Was Damast tatsächlich ist
Moderner japanischer Damast besteht aus einem harten Schneidkern (typisch VG-10, SG2, AUS-10 oder Weiß-/Blaustahl), eingebettet in viele Schichten weicherem Edelstahl-Mantel. Die Mantelschichten haben leicht unterschiedlichen Chromgehalt, wodurch sie beim Ätzen unterschiedlich nachdunkeln. Das ist das „Wellenmuster", das Sie sehen.
Bei 67 Lagen Damast: 33 Lagen einer Edelstahl-Legierung, 33 Lagen einer anderen, und ein harter Kern in der Mitte. Die Schneide, mit der Sie tatsächlich schneiden, ist immer der Kern — nur ein oder zwei Millimeter davon sind an der Spitze freigelegt.
Vor- und Nachteile im Überblick
| Vorteil | Nachteil |
|---|---|
| Markante Optik, jedes Messer individuell | Preisaufschlag von 30-50 % gegenüber Monostahl |
| Weicher Mantel schützt den harten Kern vor Ausbrüchen | Geätztes Muster verblasst bei Schnitten auf Glas oder Stein |
| Etwas weniger „Kleben" bei Kartoffeln und Käse | Nach starkem Schleifen ist das Muster schwer nachzupolieren |
| Hervorragendes Geschenk — wirkt direkt aus dem Karton | Kein Schärfevorteil gegenüber Monostahl gleichen Kerns |
Was erwartet Sie in welcher Preisklasse
Unter 50 €: lasergeätzte Fälschungen oder billiger 11-Lagen-Damast.

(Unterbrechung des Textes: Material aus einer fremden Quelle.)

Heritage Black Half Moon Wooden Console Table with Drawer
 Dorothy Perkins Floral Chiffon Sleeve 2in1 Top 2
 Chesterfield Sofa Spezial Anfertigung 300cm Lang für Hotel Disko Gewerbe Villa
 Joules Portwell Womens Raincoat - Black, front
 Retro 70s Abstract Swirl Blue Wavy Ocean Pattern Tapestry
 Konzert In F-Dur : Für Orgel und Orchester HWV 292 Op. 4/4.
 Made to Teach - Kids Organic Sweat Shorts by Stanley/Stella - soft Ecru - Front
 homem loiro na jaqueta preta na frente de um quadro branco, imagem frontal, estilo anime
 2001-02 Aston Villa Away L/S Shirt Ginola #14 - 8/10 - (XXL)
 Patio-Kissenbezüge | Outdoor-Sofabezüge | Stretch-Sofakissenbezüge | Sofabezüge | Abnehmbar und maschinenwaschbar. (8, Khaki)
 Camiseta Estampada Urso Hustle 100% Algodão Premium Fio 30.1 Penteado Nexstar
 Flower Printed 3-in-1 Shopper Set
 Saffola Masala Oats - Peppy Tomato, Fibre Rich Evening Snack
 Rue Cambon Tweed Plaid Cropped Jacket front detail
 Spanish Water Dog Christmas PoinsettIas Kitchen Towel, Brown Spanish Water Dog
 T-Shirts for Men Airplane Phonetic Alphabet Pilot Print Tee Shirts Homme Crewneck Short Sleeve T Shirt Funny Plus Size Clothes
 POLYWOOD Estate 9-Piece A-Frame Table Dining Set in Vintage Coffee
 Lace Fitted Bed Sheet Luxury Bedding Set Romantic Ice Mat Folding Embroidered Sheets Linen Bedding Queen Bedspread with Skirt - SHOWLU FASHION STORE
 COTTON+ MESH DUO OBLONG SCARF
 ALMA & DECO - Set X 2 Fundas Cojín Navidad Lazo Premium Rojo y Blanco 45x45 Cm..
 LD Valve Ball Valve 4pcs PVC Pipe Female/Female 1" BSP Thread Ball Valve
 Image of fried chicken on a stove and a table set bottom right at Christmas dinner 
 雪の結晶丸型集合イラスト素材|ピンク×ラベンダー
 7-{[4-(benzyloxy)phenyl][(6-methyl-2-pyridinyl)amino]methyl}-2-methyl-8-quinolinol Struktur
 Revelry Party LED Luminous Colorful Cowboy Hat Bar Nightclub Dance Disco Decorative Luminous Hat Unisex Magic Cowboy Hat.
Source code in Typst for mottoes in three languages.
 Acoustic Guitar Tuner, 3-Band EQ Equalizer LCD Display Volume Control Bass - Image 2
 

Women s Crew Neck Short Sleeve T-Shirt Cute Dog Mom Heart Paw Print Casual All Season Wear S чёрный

Überspringen, außer es ist eine vertrauenswürdige Marke wie Tojiro DP Damascus.
80-180 €: der Sweet Spot — 33- oder 67-lagiger VG-10-Kern-Damast von Tojiro, Yoshihiro, Kai Shun oder Kanetsune. Echtes Muster, echte Leistung, echte japanische Fertigung.
180-400 €: SG2/R2-Pulverstahl-Damast (63 HRC) von Miyabi 5000MCD, Sakai Takayuki, Yu Kurosaki. Standzeit der Schneide spürbar besser, Muster feiner.
500 €+: handgeschmiedet von namentlich genannten Meistern (Yoshida Hamono, Takeshi Saji, Teruyasu Fujiwara). Sie zahlen jetzt für Name und Einzelstück-Ästhetik — das Leistungsplateau ist erreicht.
Soll man Damast kaufen?
Kaufen Sie Damast, wenn Sie ein Küchenobjekt wollen, das Ihnen jedes Mal Freude bereitet, wenn Sie es in die Hand nehmen — das ist eine legitime ästhetische Entscheidung, und der weiche Mantel bringt etwas zusätzliche Schlagfestigkeit. Überspringen Sie Damast bei knappem Budget oder wenn Sie viel schärfen müssen (Sie werden mit der Zeit in den Mantel hineinschleifen und das Muster weicht asymmetrisch an der Fase zurück).